We turn to the backward dynamics, the accumulated number of fixations on pair cards, averaged over trials, with respect to the moment of card marking, and demonstrated in Figure 8. The results show that the patterns of fixations on the detected and undetected pairs are nearly identical up to a point a few fixations before marking. At this point, there is a sharp upturn in the number of fixations on the detected pair. 
The dynamics are not very different for short compared to long trials (see Figure 9). The small increase in cumulative number of fixations on detected pair cards in the long search sequences (6.4 vs. 3.2 fixations), relative to the total number of fixations in the sequence, implies that the number of fixations on pair cards needed for identification is defined within a certain period of time—that is, there is a dying memory type of recall and comparison. 
Nevertheless, longer searches, i.e., longer sequences of fixations, naturally raise the total number of fixations, and therefore in particular also raise the number of fixations on the pair cards. Thus, the important factor determining detection must take into account also the proximity of fixations. We conclude that not only the absolute number of fixation has an influence but also their proximity in time or number of intervening fixations
We suggest that since fixations on each pair are sparse during the initial part of the search, the fixation slope ( Figure 8b) is still low. Only at a later stage do the fixations on the pair card become closer to each other and the slope rises. 

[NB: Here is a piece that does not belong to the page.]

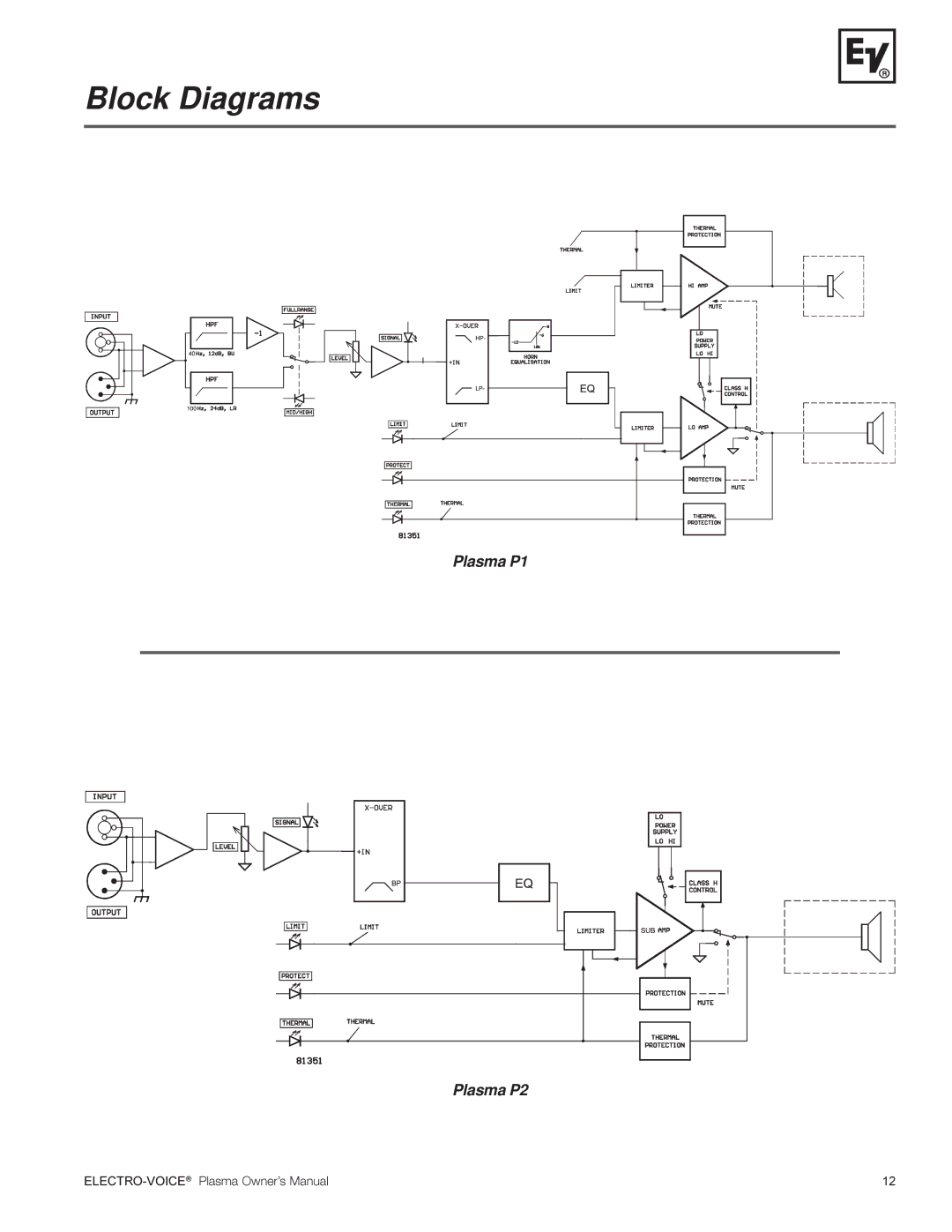 Electro-Voice Plasma Series manual Block Diagrams 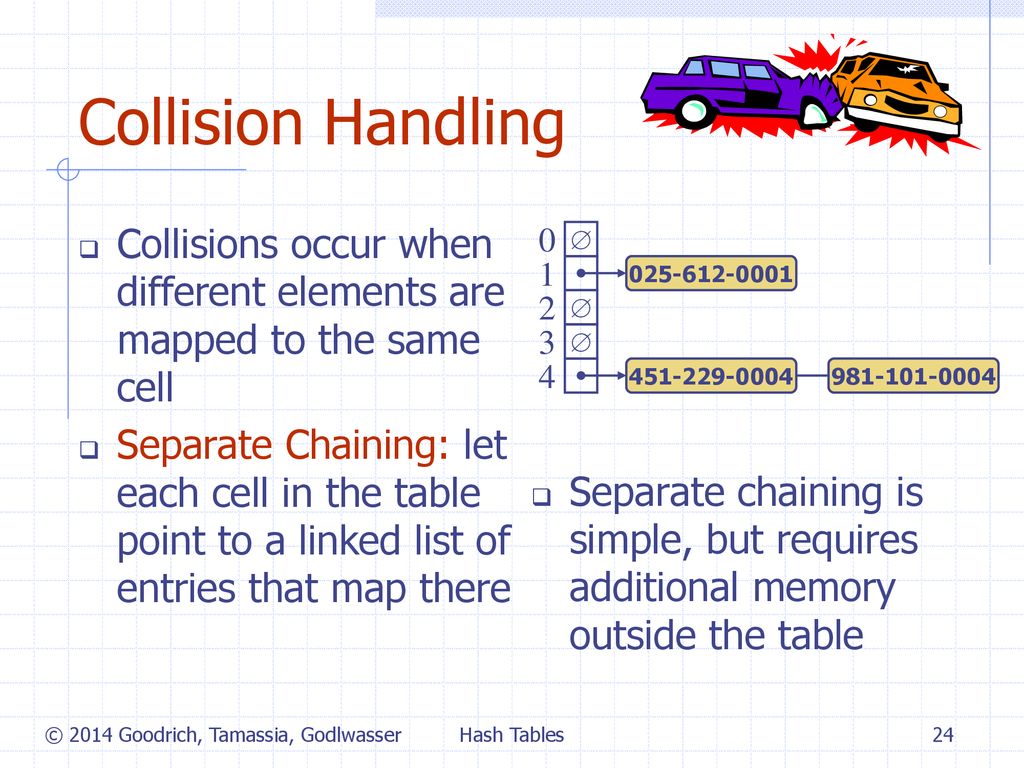 Maps 4/25/2019 Presentation for use with the textbook Data Structures ...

We found that the sequential distance between fixations were different for detected and undetected pair cards suggesting that not only the number of fixations but also the time between them is a significant factor for determining pair detection. This factor may be related to the limited capacity of Working Memory (Horowitz & Wolfe, 1998; McCarley et al., 2003; Phillips & Christie, 1977a, 1977b). It may be difficult for subjects to keep many cards in Working Memory at the same time, so that fixations need to be close to each other to associate place with identity. The average sequential distance (Figure 5) perhaps puts an upper bound on average working memory at 4 cards. The sequential distance decreases when approaching detection (Figures 6d and 7d), so that this may even be an overestimate (see also the recency effect with free viewing in Phillips & Christie, 1977a, who used a similar stimulus pattern but different paradigm). Perhaps a necessary condition for detection is that two cards be represented concurrently in Working Memory. 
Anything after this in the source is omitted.